Another Piece: A Step-Down Print Booklet

Last year my client also created a step-down print booklet with diagonal thumb tabs. Each successive right-hand page was cut slightly less deep than the one in front of it. Thumb tabs had type reversed out of five different solid colors (one for each tab, with all being process color builds). It was beautiful, but it required precise cutting to make all tabs parallel to one another—with all of them on the same 45 degree angle.

The outer cover of the print booklet extended across the full 6” x 9” dimension (folded down from 12” x 9”), and the booklet was closed and tabbed for mailing. It also included a folded flyer, printed on 50# white offset and inserted into the direct mail package prior to tabbing.

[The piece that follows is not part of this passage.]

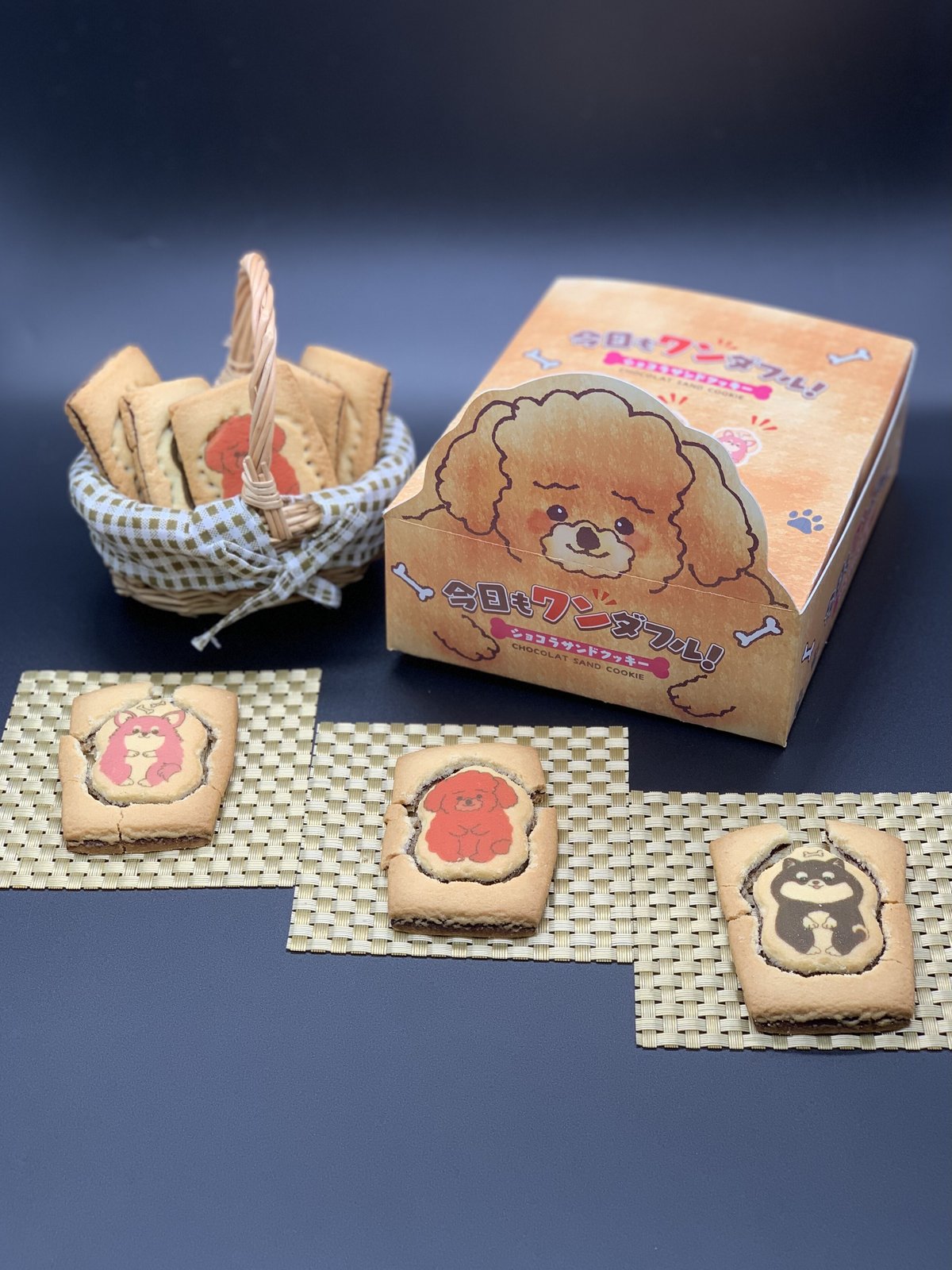 今日もワンダフル！3種セット | お菓子工房CHALEUR online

The custom printing supplier had initially planned to cut the pages without using a die. He had expected to do extra hand-work, so the price included a surcharge. However, as the job progressed, it became clear that due to the precision needed in cutting the diagonal thumb tabs, the printer’s hand-cutting would take forever, might not be parallel, and might leave white lines between each of the differently colored tabs.

Therefore, the printer had steel die-cutting dies made and lost money on the job. If I recall correctly, he passed a small portion of the cost on to my client, but since the printer had initially priced the job for hand-cutting, he stepped up and bore the lion’s share of the cost of the dies.

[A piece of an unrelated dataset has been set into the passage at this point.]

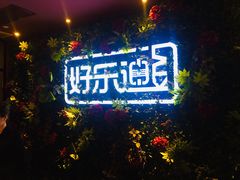 -好乐迪KTV(紫荆广场店)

A New Year, but the Same Step-Down Print Booklet

So now it’s a new year, and the custom printing job is essentially the same. The graphics will change completely, but the size and format of the step-down self-mailer will match last year’s job.

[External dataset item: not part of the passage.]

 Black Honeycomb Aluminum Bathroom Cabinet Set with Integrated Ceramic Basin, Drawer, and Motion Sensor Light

The good news is that the dies have already been made. So the overall cost of the job may be quite reasonable (even with a slightly higher initial price than last year’s job, due to the complexity of the work, offset by a discount, since the dies have already been made).

What You Can Learn

If you’re doing a job that is essentially the same one you did last year, particularly if it involves preparatory work such as steel-die-making, consider going back to the same custom printing supplier that did the work the preceding year, and ask about using the old dies.

Conversely, even if it’s a new job (a pocket folder for instance), ask about using a die that has already been created. If you’re willing to adjust your design a little to match an existing die, you may reap a savings, upwards of $500.00, since die-making can be pricey as well as time consuming.

Book Printing: Thoughts on Creating Nested Booklets

Wednesday, July 17th, 2013

A print brokering client of mine came to me with an idea for a marketing promotion. It involved custom printing a 7” x 10” booklet that included a smaller, 6” x 9” booklet tipped into the print book.

She planned to produce the larger booklet as a 12-page self-cover, saddle-stitched item and the smaller booklet as an 8-page self-cover, saddle-stitched item. Both would be printed on cover stock.

My client wanted my suggestions on what paper to use, how large to make the books, and how to tip the smaller book into the larger book.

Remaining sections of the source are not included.